Ryan is a senior from St. Louis, Missouri. Growing up with a grandfather who loved discussing politics, Ryan took an interest in politics from an early age. After working on several campaigns, he is now studying Public Policy with an emphasis in Education Policy, and spent last summer interning with Saint Louis Public Schools as a Policy Intern. Aside from politics, Ryan is involved in Vandy 4 Vision, is a campus tour guide, and volunteers regularly at the Dismas House of Nashville.
Cyprus, a seemingly insignificant Mediterranean isle near Greece and Turkey, has been experiencing a massive debt crisis in recent weeks, one that could actually have profound effects on the international community.

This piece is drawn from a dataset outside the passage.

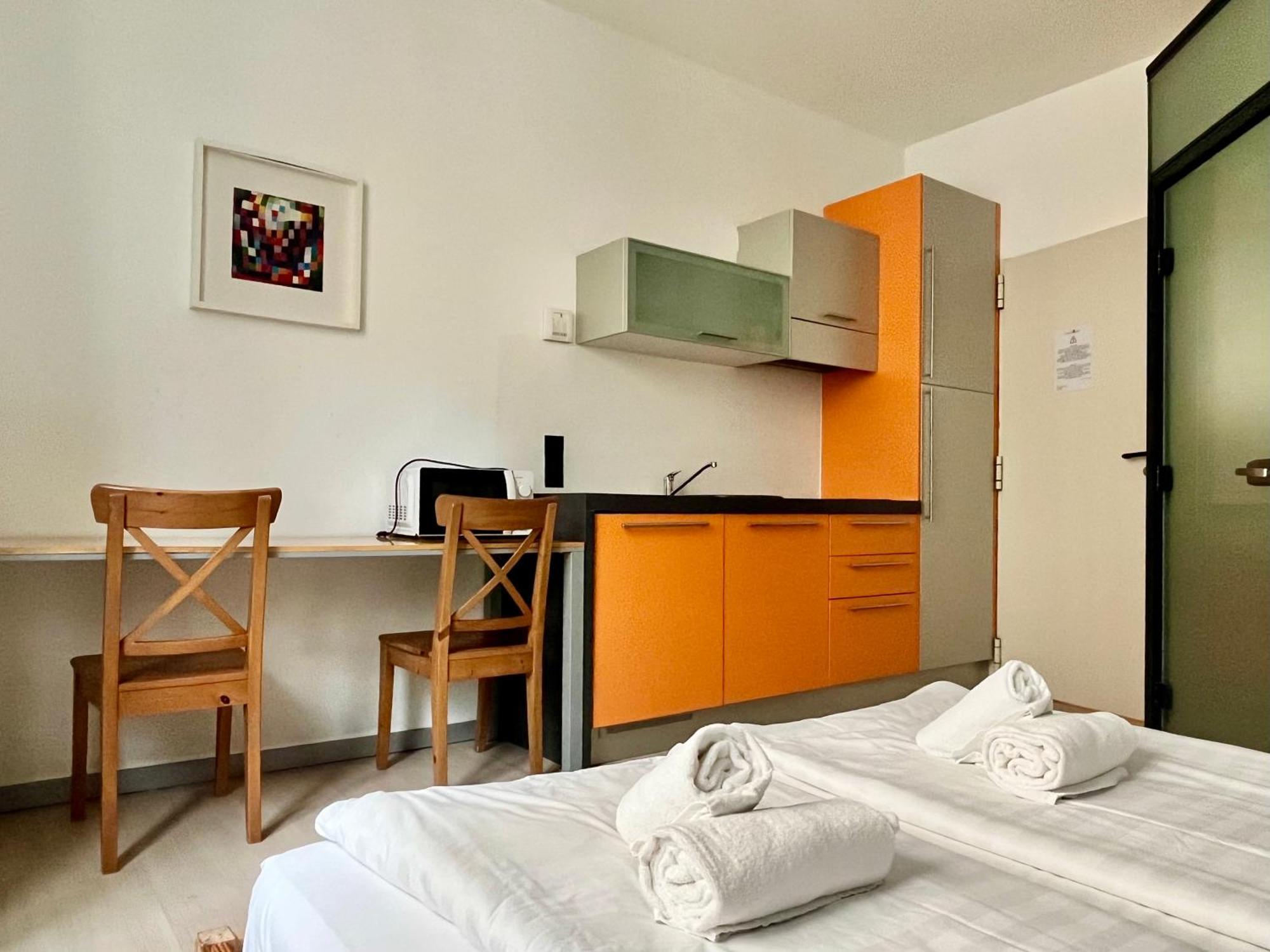 Guesthouse University By Lr - Self Check In Lugano Eksteriør billede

The Cypriot banking sector makes up a huge proportion of the national economy, with national bank deposits worth over eight times the national GDP . A significant portion of these come from wealthy Russians who seek Cyprus’s lower tax rates and lax scrutiny of large deposits.
Cypriot banks invested heavily in Greek debt, buying up large sums when interest rates were high and the threat of default was low. However, during the restructuring of Greek debt, Cypriot banks were forced to accept revalued Greek debt, leading to huge losses, and thus the current crisis. In total, Cyprus needs 17 billion Euros to fill the holes in its banks and economy, an amount equal to 160% of its GDP .

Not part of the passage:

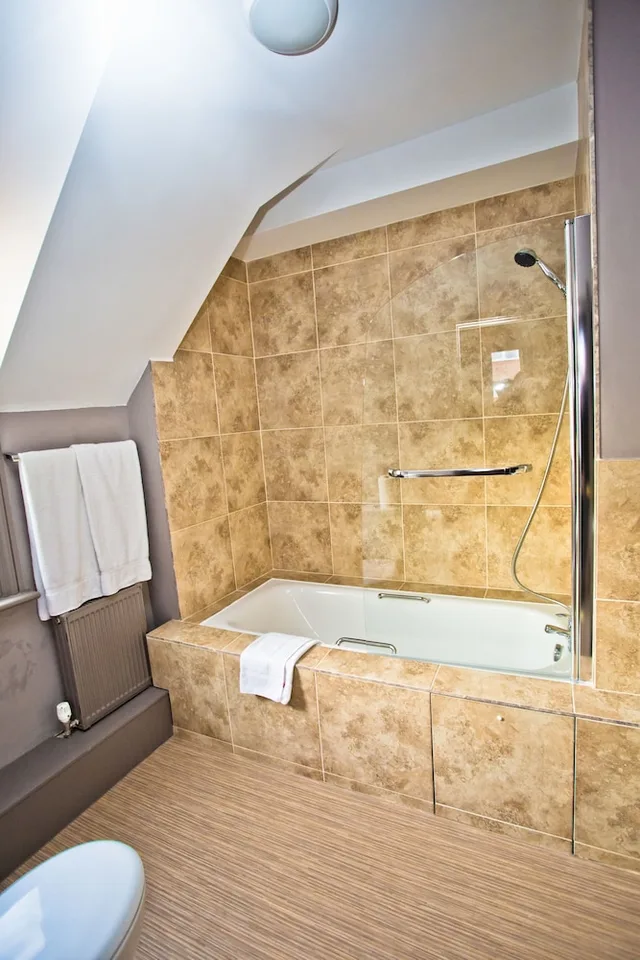 Room, Twin Beds, Wards Hotel 3/3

To help Cyprus and protect the integrity of the Euro, the EU proposed a 10 billion euro bailout, centering on taxing bank deposits. The EU planned to tax accounts up to 100,000 Euros at a rate of 6.75% and accounts over 100,000 Euros at a rate of 9.9% . The Cypriot government moved against this proposal, with good reason, but this opens the door to an influx of questions. Traditionally, bank accounts have been viewed as private assets. Yet, the EU felt such a measure was appropriate to bail out Cyprus. The fact that the EU feels entitled to invade private assets sets a worrisome precedent – that all private assets may be subject to government control. This is especially disconcerting as the economic uncertainty in Cyprus stems directly from the banking industry and not from individual citizen action.

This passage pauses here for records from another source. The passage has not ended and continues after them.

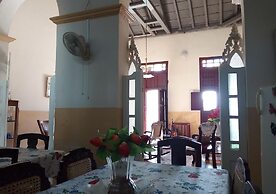 Hostal Cary REMEDIOS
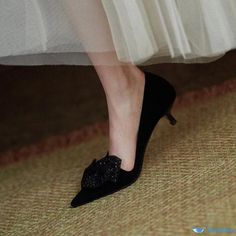 Orcajump - Exquisite Formal Shoes with Whimsical Feline and Insect Motif Elegant Slip-on Court Shoes For Party, Elegant Party Court Shoes Slip-on, Elegant Black Flat Heel Wedding Shoes, Ladies Evening Wear, Cat And Butterfly, Trendy High Heels, Evening Heels, Formal Wear Women, Embellished Shoes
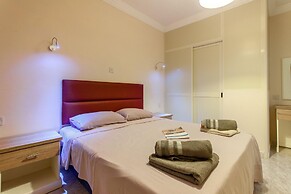 Merill Pool and Sea Charming Apart 4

Cypriots, naturally, have reacted viscerally against this proposal. The EU responded by suggesting lower tax rates on bank deposits, but Cyprus seems unlikely to accept this at all. Meanwhile, corporations like Russian natural gas giant Gazprom have offered to bail out the nation with the stipulation that Cyprus surrender its underground deposits of natural gas – to which the Cypriot government said no. The massive Church of Cyprus has even offered to put its buildings up as collateral for government bonds. Other options include defaulting and causing greater stress on the Eurozone, accepting aid from neighbor Russia, or accepting an EU-approved plan; but all possibilities seem undesirable at this point.
The Cypriot crisis gives several lessons for the world. The first is that the banking industry always needs regulation. Cypriot banks were permitted to stock up on Greek debt, thus failing to diversify assets and leading to this catastrophe, for which uninvolved citizens must pay. The world also needs to really learn just how interconnected it really is. In trying to save Greece, the EU mortgaged the future of Cyprus. Now, in trying to save Cyprus, Russians and multinational corporations could lose millions, simply for having bank accounts on the island. The ripple effect is immense, thus countries need to work collectively instead of individually, in order to ensure the security of the world economy. Finally, Cyprus will set a precedent for the world on the taxation of bank-holdings. This tax, in effect, penalizes people for saving in banks, and could set the country’s banking sector back significantly. Still, without major reform, Cyprus will cease to exist as it does today, so drastic action is necessary. Regardless of what happens, Cyprus will set a major precedent for the power of government during crises.